» ABOUT THIS EXERCISE: Return the entries that follow exactly, with no images.

» SOURCE DATA:
%%
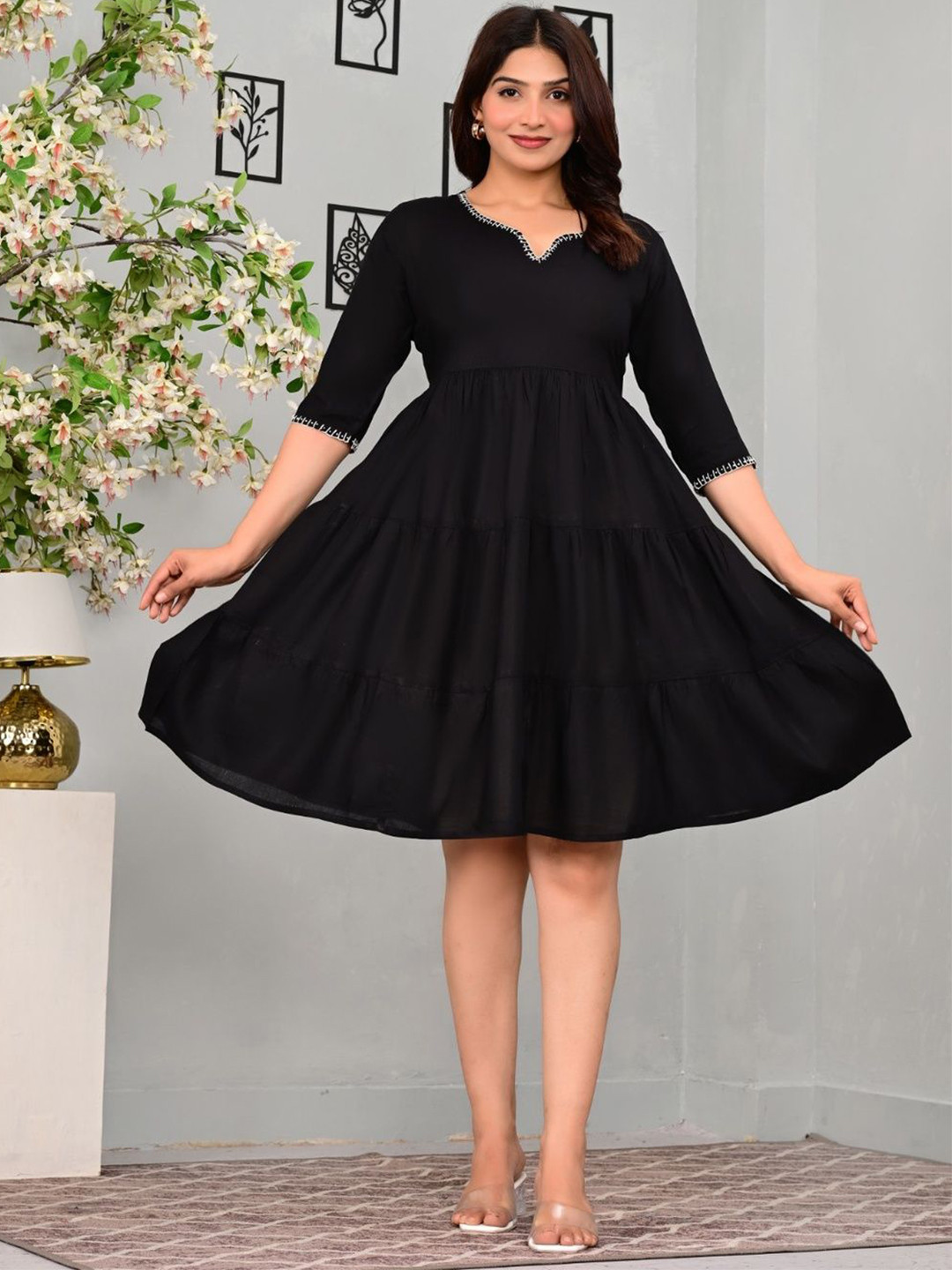 RAMILA EXPORT Women Solid Embroidered Fit and Flare Dress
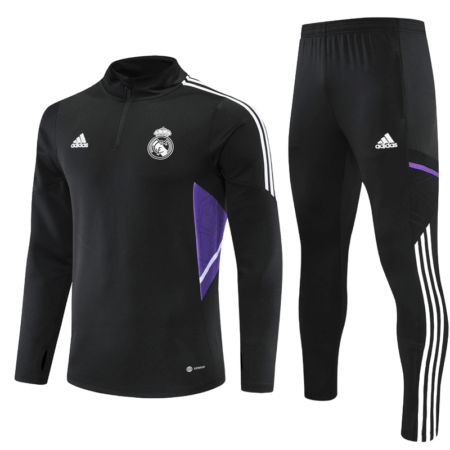 Conjunto de Treino Real Madrid Preta 2022/23 Jaqueta e Calça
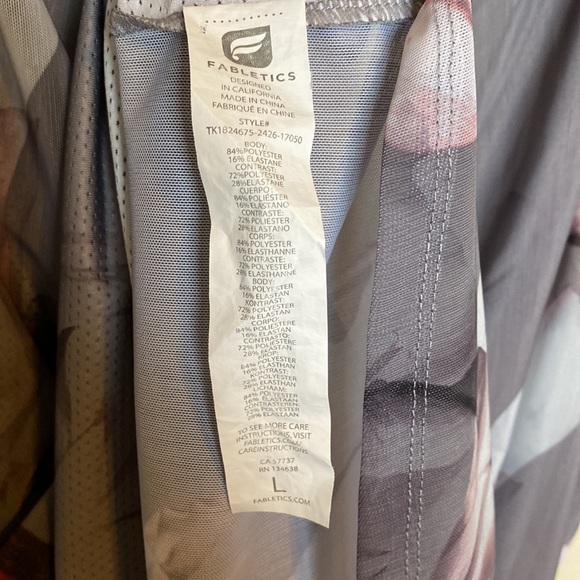 Fabletics Gray Floral Bess Pointelle Mesh Tank Large - Picture 3 of 3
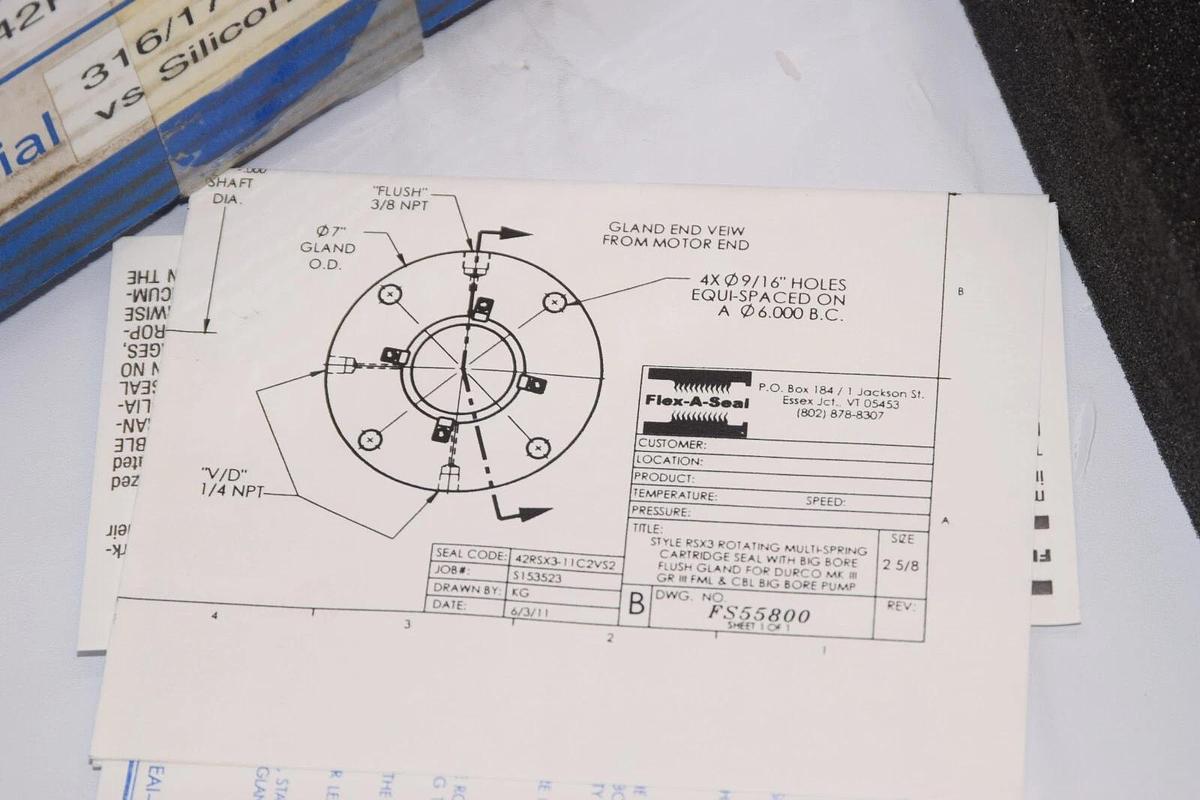 (NEW) FLEX-A-SEAL 4061599 RSX3 42RSX311C2VS2 2-5/8" Cartridge  Seal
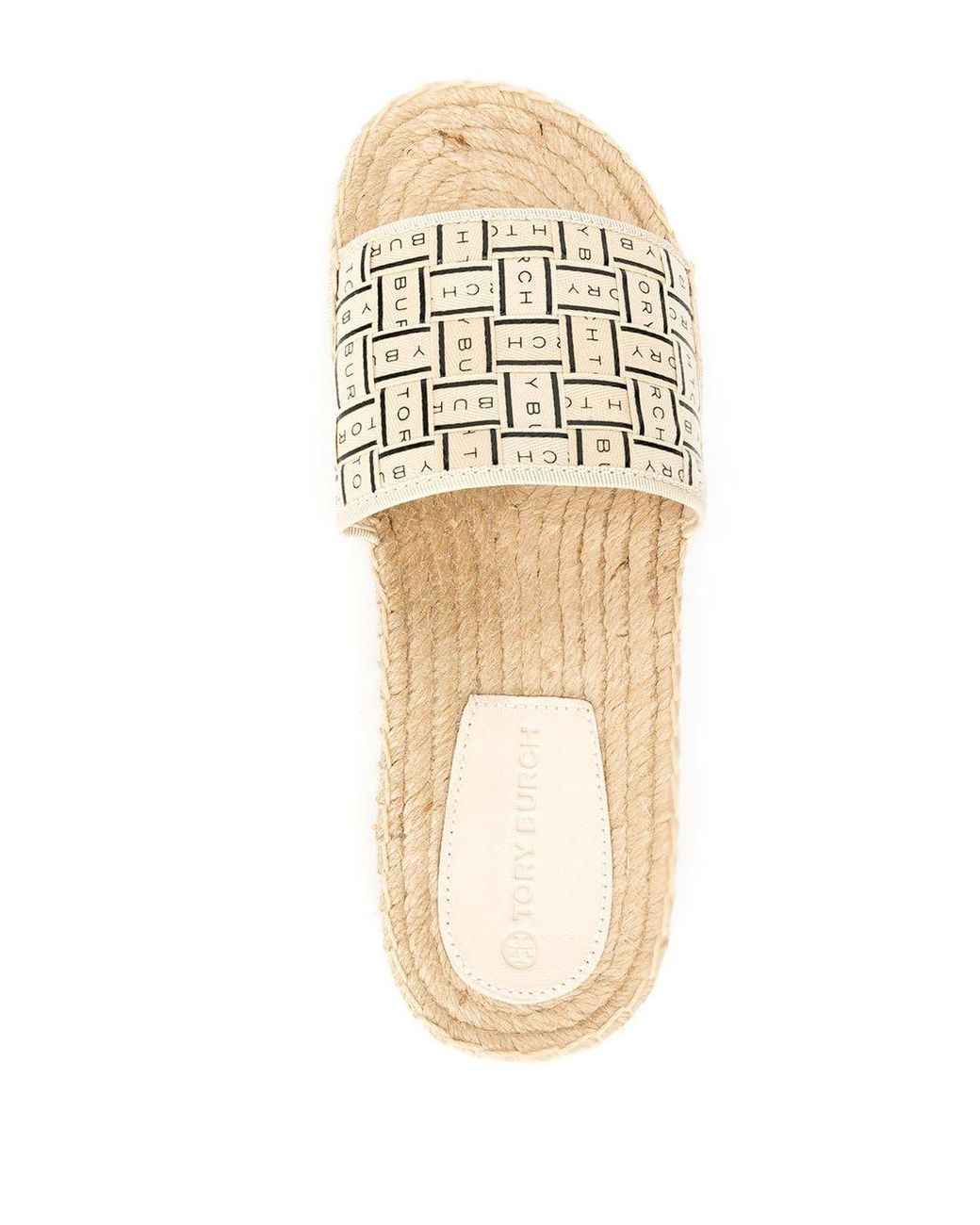 white tory burch slides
%%
» COMPLETED EXERCISE:
 RAMILA EXPORT Women Solid Embroidered Fit and Flare Dress
 Conjunto de Treino Real Madrid Preta 2022/23 Jaqueta e Calça
 Fabletics Gray Floral Bess Pointelle Mesh Tank Large - Picture 3 of 3
 (NEW) FLEX-A-SEAL 4061599 RSX3 42RSX311C2VS2 2-5/8" Cartridge  Seal
 white tory burch slides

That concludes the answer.